According to Greenwald, “The bird had a ‘buzzy’ song, and the song added to the beauty of the bird, and when combined that added to the magic of North Carolina. We lost a little magic when we lost the species. And what’s really sad is that the Bachman’s warbler was abundant at the turn of the 20thcentury, but by 1950 it was noted as one of the rarest birds in North America.”
Greenwald says the bird’s extinction is largely due to habitat destruction. The swamps where it lived were converted to farmland, and its trees were cut down for logging. Additionally, people used to shoot the birds and collect their feathers for hats.
According to FWS, there have been no officially accepted, documented observations of the Bachman’s warbler in the United States since 1962. The bird was last spotted in Cuba in the 1980s.
The Extinction List Continues to Grow
The FWS declared 23 other species as extinct in 2021. Greenwald says there are now 650 species that have gone extinct in the U.S. due to a combination of factors, including habitat loss, climate change, pollution and invasive species.

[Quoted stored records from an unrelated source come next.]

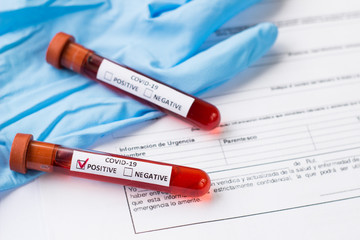Obraz premium blood test tube to examine the corona virus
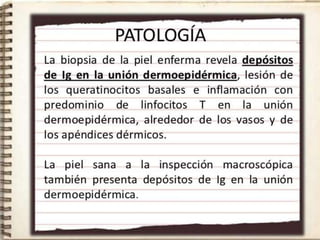 Lupus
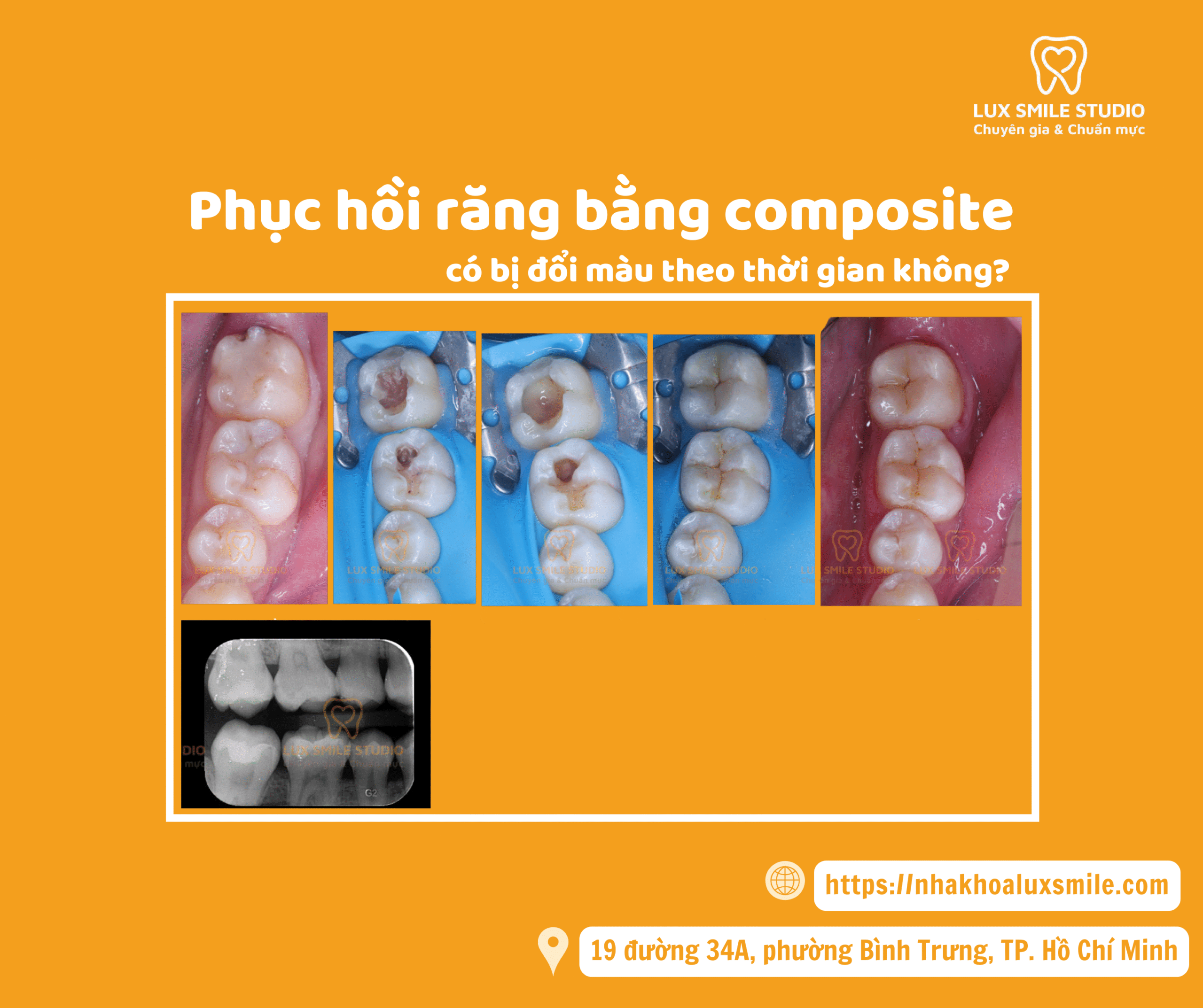 Phục hồi răng bằng composite có bị đổi màu theo thời gian không?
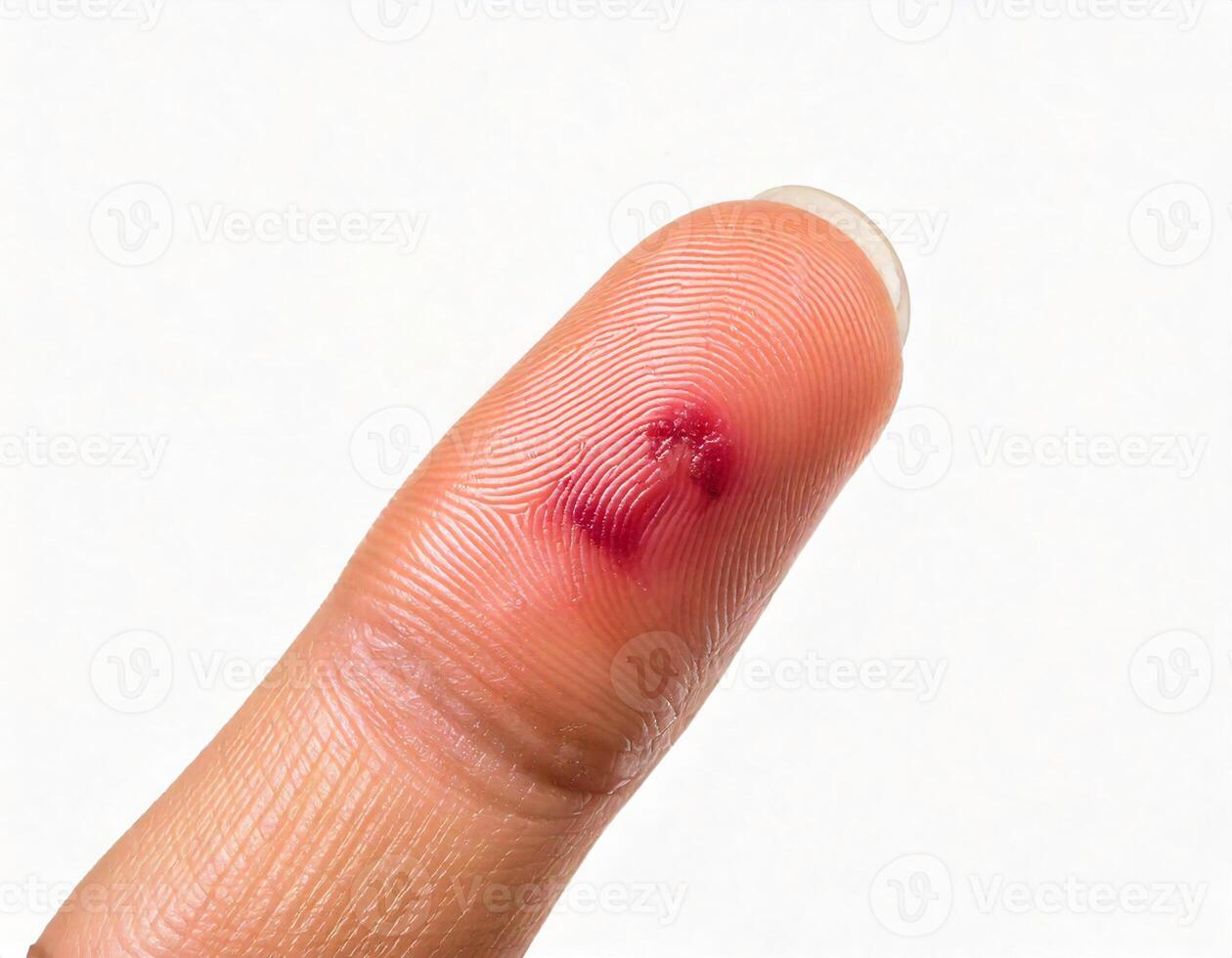 close-up of a small infected cut on the fingertip with redness and swelling isolated on white background photo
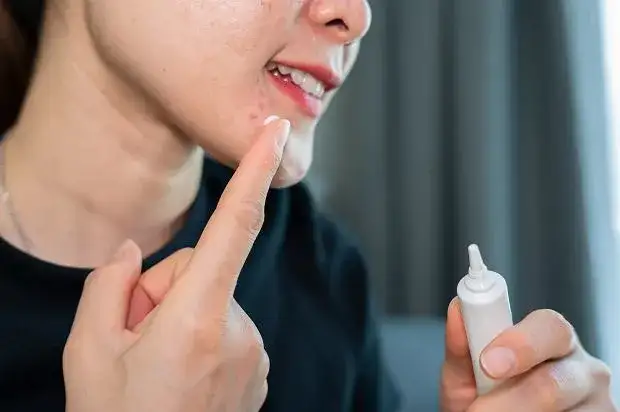 Pasta do zębów na pryszcze? Dermatolog ostrzega! Poznaj prawdę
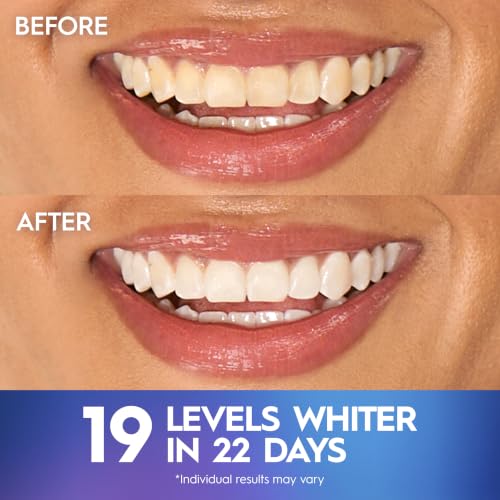 Crest 3D Whitestrips Professional Effects Teeth Whitening Kit, 22 Treatments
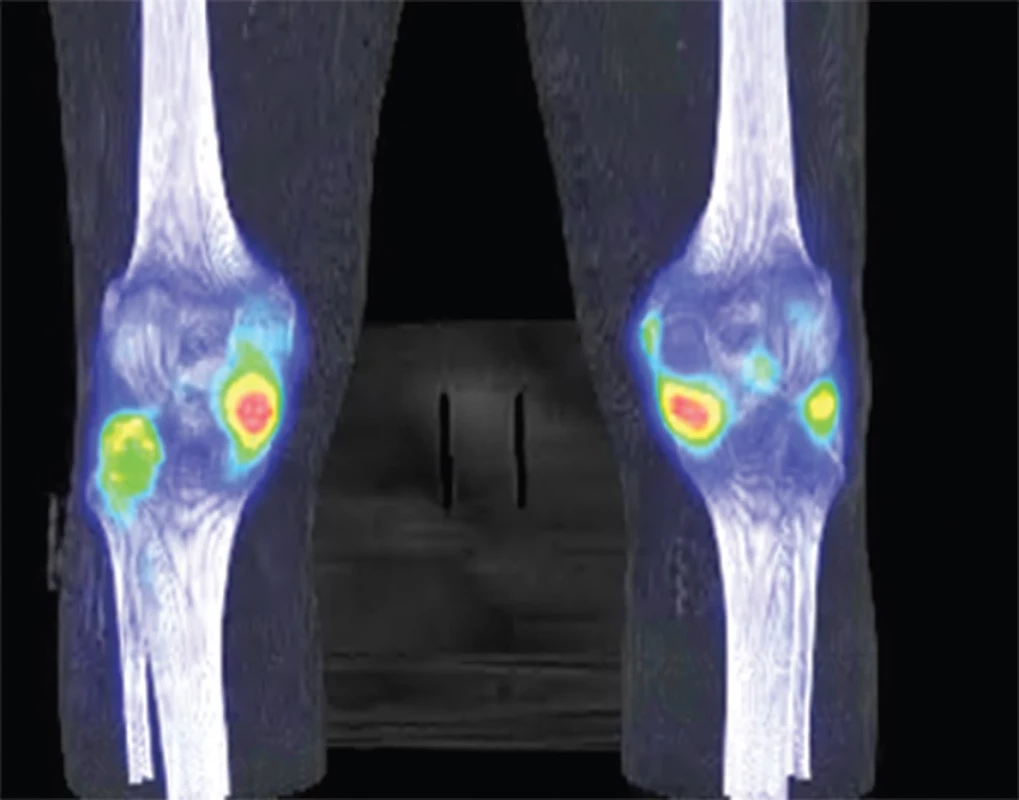 Fúze MIP SPECT/CT kolenních kloubů v pozdní fázi – zvýšená akumulace radiofarmaka především v mediální části obou kolenních kloubů s korelátem degenerativních změn.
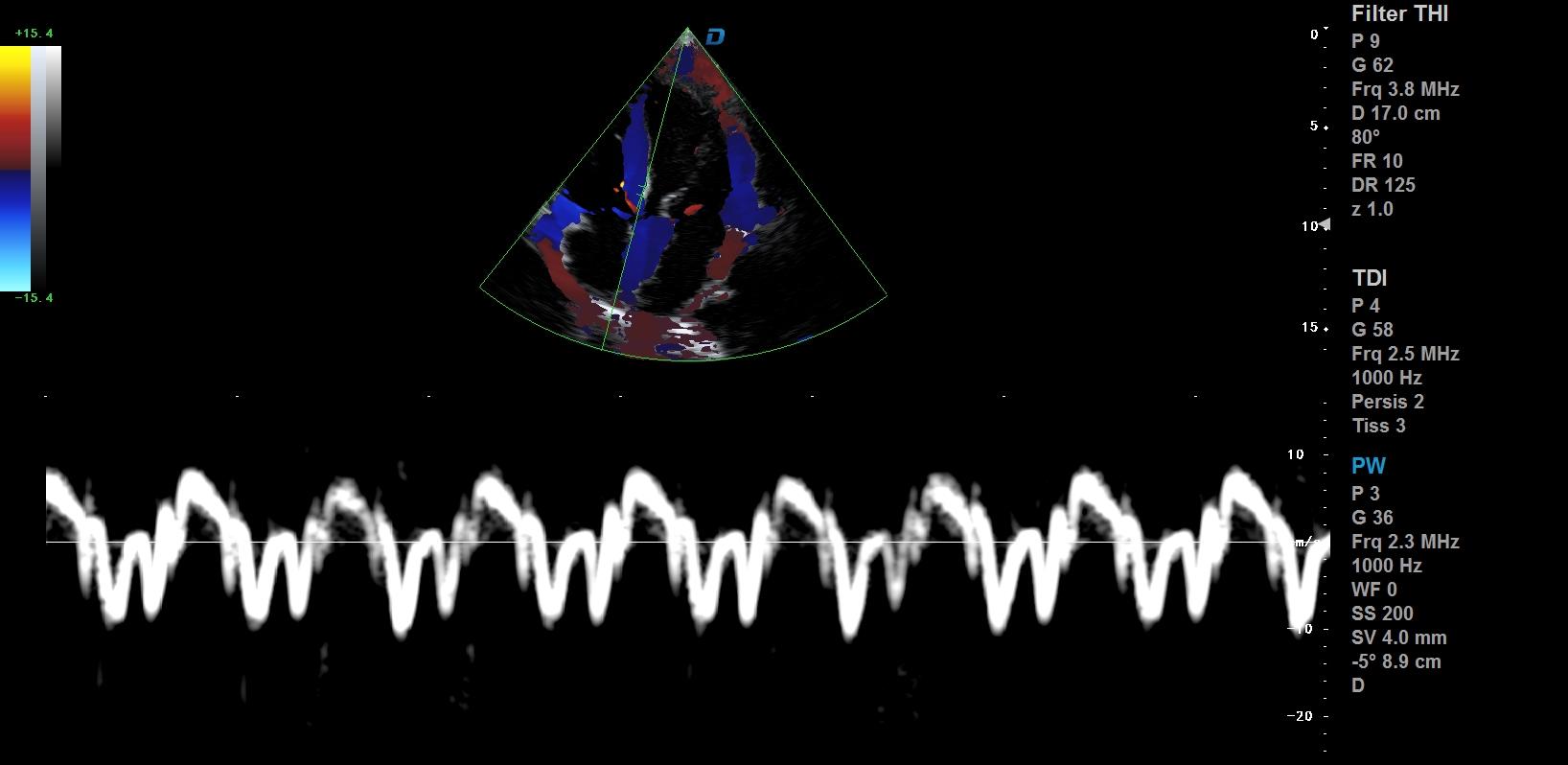 心臟彩超機(jī)和超聲心動圖的區(qū)別？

Around the world, 902 species have been documented as extinct. However, the actual number is thought to be much higher because some species have never been formally identified. Also, many scientists warn the earth is in an “extinction crisis” with flora and fauna now disappearing at 1,000 times the historical rate.
While the droughts, wildfires, floods and temperature swings associated with climate change are making species recovery harder, the good news is that it is also changing how scientists are working to save species.
Greenwald adds the focus is no longer on individual species, such as a particular bird. The broader goal now is to preserve their habitat, which can help species of all types to live there. That new focus, combined with the protections afforded by the Endangered Species Act, may help keep more species off the extinction list.